Well, this is happening. IVF 2: Return of the Frozen Embryos is coming soon to a theater near you.
My sonohysterogram wasn't that bad, but then, I didn't remember it being anything to write home about after my first IVF either. If you look carefully you'll see that it doesn't even appear in my writing from that time except as a brief mention in my first post. I mean, there's a little bit of cramping and what I perceived as a deep burn from inside my uterus, but a partial list of things that hurt more than a sonohysterogram would include stubbing my toe, grazing my hand against a hot teakettle, and slicing open my thumb with the blade of an open pair of scissors (all of which I've done this week. Go me.) Yes, I was completely freaking out the whole time, but that's old news.
More interesting was what the test found - my uterus is fine and dandy, but my ovaries are back to making trouble. They were so quiet for so long but it's clear now that when I stopped nursing back in August, the mini-pill alone was not enough to stop me from ovulating, and there was evidence of that on the scan- including a brand new cyst. It's on my right ovary, 4 cm, and in an interesting departure from our usually scheduled programming, may not be an endometrioma. The current theory is that it's a simple ovarian cyst common in women of reproductive age, so it may go away on its own (shrink? rupture? nobody seems to want to discuss that with me...) and the only real risk is that if its a functional cyst then it could mess with my hormones at the end of my upcoming 20 days on lupron.
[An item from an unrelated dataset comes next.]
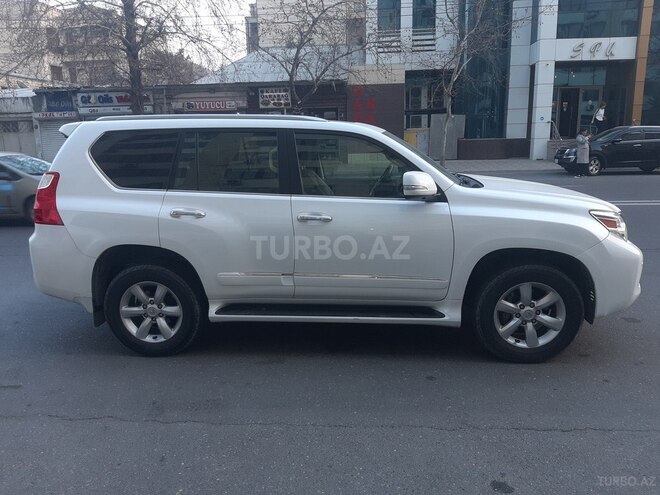 Lexus GX 460 2010, 230,000 km - 4.6 l - Bakı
Wait, what? Lupron? Already? Yes, friends, I will start it later this week. Almost one year to the day after the birth of my beloved first child, I will begin injecting myself again with drugs in an effort to give him a sibling. I thought we had more time before this whole process started again, I really did. Can I really do this again? Can I disrupt my life, my husband's life, and now my child's life by going through the same terrible process as in 2011-12? Getting this diagnosis meant choosing the best of a series of bad options for my body going forward. I hate that, basically, my kids are wrapped up in those choices. There are two separate decisionmaking processes here and in an ideal world we could tackle them separately: first, what should I do to keep my body as healthy as possible for as long as possible? And second, do we want to add another member to our family?
Our decision is to move forward with the FET in early December. It's a compromise in a lot of ways but I hope and pray that it's the beginning of the end of this whole IVF nightmare. A huge amount of questions remain unanswered - will our incredible luck hold, and will I get pregnant again? If this cycle doesn't work, will attempt another one? If this cycle does work, and we still have an embryo or two left in the freezer, will we try for yet another pregnancy? How far am I willing to go to try to reproduce before I give up, hug my child and husband tight, and wait to see what my body does next?